Task prompt:
Among the lines below, keep only those from the one containing "Renkli çiçeklerle renksiz, parlak" through the one containing "Ampolleta LED GU10", and reproduce them exactly.

Record excerpts:
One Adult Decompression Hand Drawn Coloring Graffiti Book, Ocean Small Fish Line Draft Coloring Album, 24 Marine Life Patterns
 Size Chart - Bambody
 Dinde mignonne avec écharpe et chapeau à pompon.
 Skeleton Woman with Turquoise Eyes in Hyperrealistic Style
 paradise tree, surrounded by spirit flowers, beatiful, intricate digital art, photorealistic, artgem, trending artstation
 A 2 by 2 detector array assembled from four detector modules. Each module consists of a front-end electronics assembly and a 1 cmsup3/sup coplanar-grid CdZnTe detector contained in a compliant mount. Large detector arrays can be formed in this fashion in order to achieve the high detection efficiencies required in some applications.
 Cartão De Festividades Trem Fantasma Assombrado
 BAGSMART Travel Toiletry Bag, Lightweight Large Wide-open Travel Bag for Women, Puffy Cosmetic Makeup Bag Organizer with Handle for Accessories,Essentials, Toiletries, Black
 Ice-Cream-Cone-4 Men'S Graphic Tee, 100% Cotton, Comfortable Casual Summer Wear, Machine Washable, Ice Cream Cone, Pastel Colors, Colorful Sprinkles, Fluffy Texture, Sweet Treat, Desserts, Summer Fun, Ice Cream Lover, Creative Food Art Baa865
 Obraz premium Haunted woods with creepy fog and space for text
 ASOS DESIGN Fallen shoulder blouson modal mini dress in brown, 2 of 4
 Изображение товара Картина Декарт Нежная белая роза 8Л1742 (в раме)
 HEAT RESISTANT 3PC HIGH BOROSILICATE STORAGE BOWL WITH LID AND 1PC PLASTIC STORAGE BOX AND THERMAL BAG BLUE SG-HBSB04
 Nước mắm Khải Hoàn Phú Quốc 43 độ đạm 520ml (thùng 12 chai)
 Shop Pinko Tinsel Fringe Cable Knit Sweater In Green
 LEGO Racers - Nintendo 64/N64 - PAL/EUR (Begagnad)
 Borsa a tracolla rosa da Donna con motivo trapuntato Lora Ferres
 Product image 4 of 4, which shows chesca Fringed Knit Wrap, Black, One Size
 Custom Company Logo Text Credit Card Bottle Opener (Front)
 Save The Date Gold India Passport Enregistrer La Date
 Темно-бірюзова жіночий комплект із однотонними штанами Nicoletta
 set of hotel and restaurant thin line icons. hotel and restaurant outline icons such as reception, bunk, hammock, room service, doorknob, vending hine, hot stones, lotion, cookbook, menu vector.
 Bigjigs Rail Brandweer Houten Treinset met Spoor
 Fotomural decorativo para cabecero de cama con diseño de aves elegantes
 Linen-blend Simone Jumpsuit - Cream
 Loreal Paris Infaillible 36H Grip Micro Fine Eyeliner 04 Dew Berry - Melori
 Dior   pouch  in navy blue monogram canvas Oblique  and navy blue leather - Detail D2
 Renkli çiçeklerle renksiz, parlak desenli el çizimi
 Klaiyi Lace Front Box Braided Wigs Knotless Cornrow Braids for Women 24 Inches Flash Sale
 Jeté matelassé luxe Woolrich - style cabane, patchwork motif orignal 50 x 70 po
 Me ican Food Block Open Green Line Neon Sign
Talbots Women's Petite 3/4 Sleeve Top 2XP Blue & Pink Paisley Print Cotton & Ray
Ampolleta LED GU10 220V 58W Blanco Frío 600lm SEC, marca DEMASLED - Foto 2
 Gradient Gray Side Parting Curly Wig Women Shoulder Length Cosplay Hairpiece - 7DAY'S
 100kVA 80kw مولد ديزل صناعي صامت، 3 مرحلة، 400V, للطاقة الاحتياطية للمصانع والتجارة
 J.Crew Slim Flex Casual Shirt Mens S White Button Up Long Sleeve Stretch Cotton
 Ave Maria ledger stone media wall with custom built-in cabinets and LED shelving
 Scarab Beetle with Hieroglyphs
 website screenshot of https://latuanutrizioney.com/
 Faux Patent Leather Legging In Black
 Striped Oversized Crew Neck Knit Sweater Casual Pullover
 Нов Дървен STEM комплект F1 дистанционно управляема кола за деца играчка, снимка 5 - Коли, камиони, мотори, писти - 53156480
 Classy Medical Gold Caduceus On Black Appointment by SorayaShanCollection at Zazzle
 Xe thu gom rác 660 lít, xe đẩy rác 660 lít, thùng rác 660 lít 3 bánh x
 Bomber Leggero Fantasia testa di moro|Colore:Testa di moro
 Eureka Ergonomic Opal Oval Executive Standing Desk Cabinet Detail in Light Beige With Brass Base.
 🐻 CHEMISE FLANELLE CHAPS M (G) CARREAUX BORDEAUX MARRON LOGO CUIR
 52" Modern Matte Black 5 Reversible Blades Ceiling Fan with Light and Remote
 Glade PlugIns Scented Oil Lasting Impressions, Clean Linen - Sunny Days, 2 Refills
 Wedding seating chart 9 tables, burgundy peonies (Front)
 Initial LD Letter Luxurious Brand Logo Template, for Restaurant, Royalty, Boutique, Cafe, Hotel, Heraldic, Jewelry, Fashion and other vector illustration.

Your response:
 Renkli çiçeklerle renksiz, parlak desenli el çizimi
 Klaiyi Lace Front Box Braided Wigs Knotless Cornrow Braids for Women 24 Inches Flash Sale
 Jeté matelassé luxe Woolrich - style cabane, patchwork motif orignal 50 x 70 po
 Me ican Food Block Open Green Line Neon Sign
Talbots Women's Petite 3/4 Sleeve Top 2XP Blue & Pink Paisley Print Cotton & Ray
Ampolleta LED GU10 220V 58W Blanco Frío 600lm SEC, marca DEMASLED - Foto 2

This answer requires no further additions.